LUCID’s Triton Smart camera with Sony’s IMX501 sensor brings AI processing directly to the sensor. This reduces latency, complexity, and reliance on external systems. It offers a compact, efficient solution for real-time decision-making at the edge. Evolving Edge AI: LUCID’s Triton Smart with IMX501 and Brain Builder Lucid Tech Brief

Smarter at the Source: On-Sensor AI Processing

The rapid advancement of artificial intelligence (AI) has redefined automation across industries. In sectors like manufacturing, logistics, and smart cities, the ability for machines to perceive, analyze, and respond in real time is no longer a futuristic concept, it is happening now. AI processing solutions span a wide spectrum, ranging from high-performance, enterprise-grade HPC clusters to compact, low-power edge computing devices. The Triton Smart with Sony’s IMX501 Intelligent Vision Sensor is designed to push the boundaries of edge AI, delivering efficient offline inference in a compact, power-efficient industrial camera that minimizes dependence on host systems and eliminates the need for cloud connectivity.

Sony IMX501: Vision and Intelligence in One Package

On-Sensor AI vs. Traditional Processing

Traditional machine vision sensors typically capture raw image data and rely on external systems, such as PCs or cloud servers, for processing and analysis. While this approach can support large, complex AI models and allows for more advanced pre- and post-processing, it can be far above what’s required for many users.  Moreover, it introduces additional latency, increases power and bandwidth demands, and results in much higher system complexity and cost.

By contrast, integrating AI processing directly into the sensor itself enhances data processing efficiency and decision-making speed, while also freeing up host PC resources for other tasks. Machine learning algorithms running on-device allow for more immediate inference, eliminating the need to transfer large volumes of image data to centralized systems. Despite its leaner processing resources, this architecture can provide efficient and effective performance for many practical use cases and can meet the needs of most users. The result: faster responses, reduced bandwidth usage, and more compact, cost-effective systems.

Stacked Dies for IMX501

Sensor stacking technology allows the AI processing components to be built on the layer below the pixel array layer.

Stacked AI Sensor Architecture

Sony’s IMX501 exemplifies this new class of intelligent sensors. It is a 12.3 MP (4056 x 3040 px) backside-illuminated CMOS rolling shutter sensor that features on-sensor AI engine enabled by an integrated Convolutional Neural Network (CNN) processor. The main AI processing components are composed of an ISP for pre-processing CNN input images, a Digital Signal Processor (DSP) subsystem for CNN operations, and 8 MB of L2 SRAM for storing CNN weights and runtime data. The AI components are built on a separate die and stacked below the top die (the pixel array sensor). Thanks to this stacking architecture, AI inference on the IMX501 is performed entirely on the sensor package with high-speed image data transfer between the two dies, supporting an internal processing rate of about 30 frames per second at full resolution.
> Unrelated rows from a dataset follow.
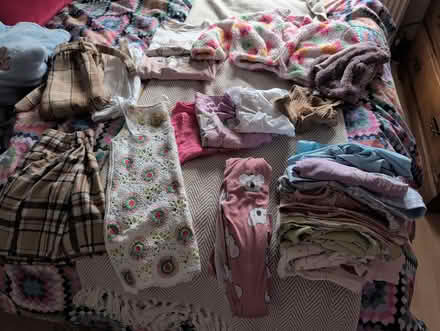 Photo of free Girls clothes age 5 (Denholme BD13) #1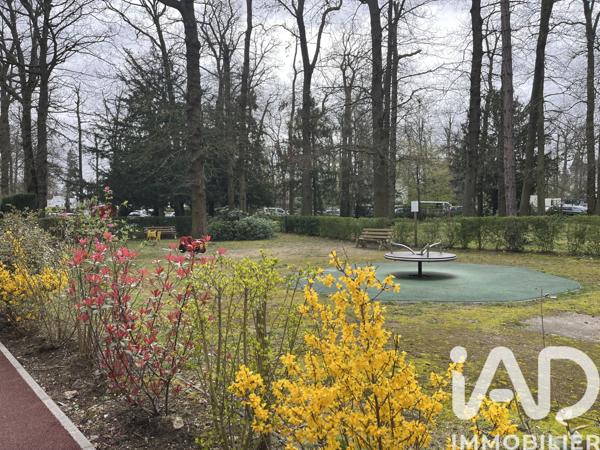 Appartement à vendre 4 pièces 66,86 m² La Celle-Saint-Cloud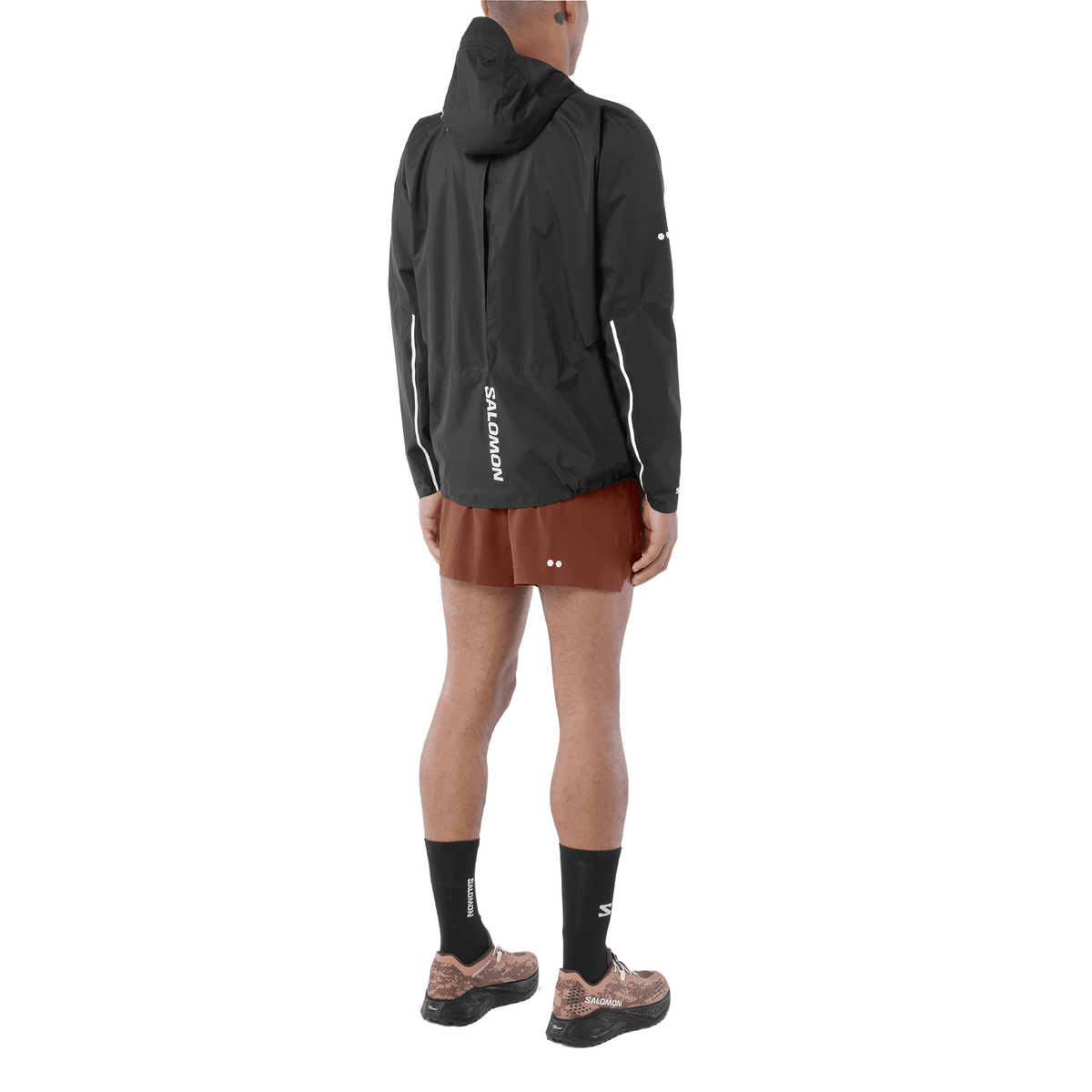 Salomon Bonatti Pro 2.5-Laags Jacket Heren (20k) | Trail.nl
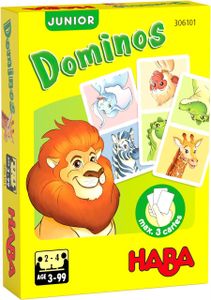 Haba Kartenspiel - Domino Junior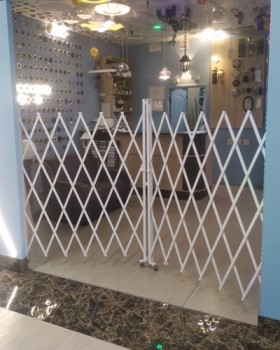 Ширма - раздвижная решетка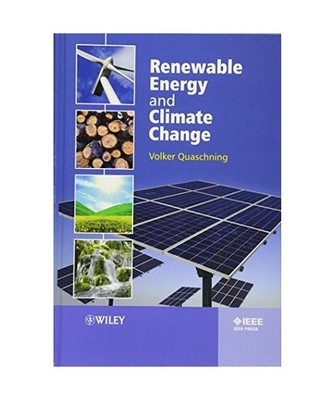 Renewable Energy and Climate Change, Volker Quaschning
However, actual image readout performance depends on the bandwidth between the sensor and the camera’s FPGA, while CNN inference time varies with the complexity and size of the AI model. Overall throughput is further limited by the 1GigE camera interface, which caps the maximum data transfer rate for both image output and processing.

The IMX501’s stacked sensor and AI dies enable fast on-package data transfer at ~30 fps at 12.3MP, though real-world performance depends on sensor-FPGA bandwidth, AI model complexity, and 1GigE interface limits.

Triton Smart
Framerates (Max FPS)
7.9 FPS @ 12.3 MP (Full image with Object Detection)
29 FPS (4×4 image with Object Detection)
8.0 FPS @ 12.3 MP (Full image with Classification / Anomaly Detection)
30 FPS (4×4 image with Classification / Anomaly Detection)

Parallel DSP Cores for Efficient AI Inference

The main engine for AI processing is the DSP subsystem core. This core is comprised of a High-Computation-Intensity (CI) DSP core, Standard-CI DSP core, and Tensor DMAs (TDMAs). The High-CI and Standard-CI DSPs work in parallel, executing neural network operations and moving the data directly into TDMA and then into L2 memory. Image and inference data are then transferred via the MIPI interface to the camera’s FPGA.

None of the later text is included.